Links Hall could not have been more generous, flexible and kind.

We will bring the event back. Together. When the earth calms and we are safe.

We will also be sharing a video of the show for all those who need and should see it. Soon.

These were the Directors notes for those who viewed or will view:

I think it’s realistic to have hope. One can be a perverse idealist and say the easiest thing: ‘I despair. The world’s no good.’

That’s a perverse idealist. It’s practical to hope, because the hope is for us to survive as a human species.

That’s very realistic.
— Studs Terkel

I am searching for ways to express hope. Ways to express what I imagine is the demand and opportunity of a “working” faith. I long to create productions which examine the eagerness and ambition to believe - to firmly feel embraced by the universe, versus isolation and exercising the weight of self will.

I think of myself as an erratic agnostic. One who longs to believe, but suffers doubt. Therefore, the work I make examines the idea of god, the power of myth, stories of hope and tales of redemption.

Farewell Fables is a spiritual sequel to Tabletop Tragedies. The middle of an interactive triptych trilogy. Each show (The Garden, Whale Song and Laika) is an expression of prayer. 

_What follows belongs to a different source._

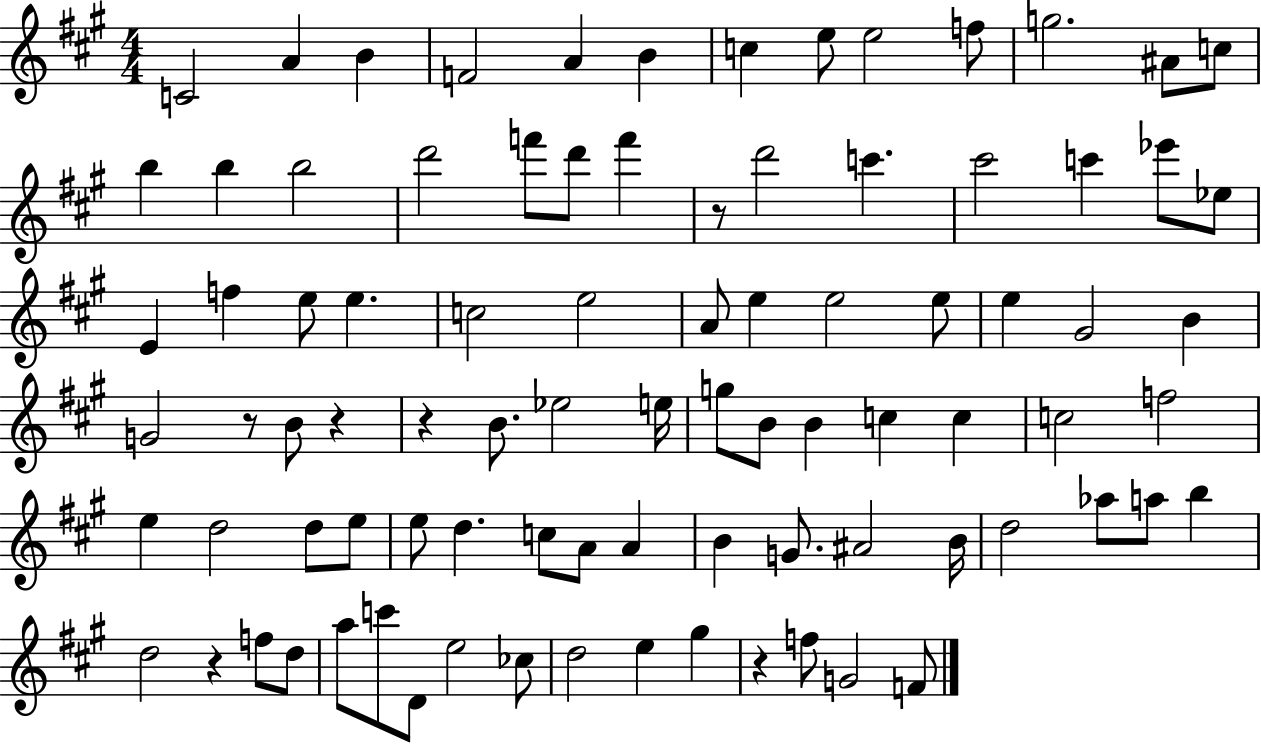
C4/h A4/q B4/q F4/h A4/q B4/q C5/q E5/e E5/h F5/e G5/h. A#4/e C5/e B5/q B5/q B5/h D6/h F6/e D6/e F6/q R/e D6/h C6/q. C#6/h C6/q Eb6/e Eb5/e E4/q F5/q E5/e E5/q. C5/h E5/h A4/e E5/q E5/h E5/e E5/q G#4/h B4/q G4/h R/e B4/e R/q R/q B4/e. Eb5/h E5/s G5/e B4/e B4/q C5/q C5/q C5/h F5/h E5/q D5/h D5/e E5/e E5/e D5/q. C5/e A4/e A4/q B4/q G4/e. A#4/h B4/s D5/h Ab5/e A5/e B5/q D5/h R/q F5/e D5/e A5/e C6/e D4/e E5/h CES5/e D5/h E5/q G#5/q R/q F5/e G4/h F4/e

Prayer should and can be laughter, joy, community, acts of meaning and wild abandon. I think we are all reaching for the divine. I choose to do it through dreams and images, words and objects, song and generosity. 

Our work investigates the universal questions orbiting the mystery of the divine - birth, purpose, service, faith, union, death.

We have not avoided the gigantic questions which affect each of our spirits.

We investigate through a medium of cartoon psychedelia spirituality. A church for the mad and hungry, dangerous and unruly.

This is an authentically devised work. Five weeks in a small room with a tremendous group of committed people, some words, some strange objects, and a lot of invited impulses. Devised work is difficult and unusual. We rely on the skills and impulses of each team number and eagerly develop something surprising and unexpected to each of us. That’s our trip.

It takes good people to the edge. But at the edge, you either withhold from fear, or you leap.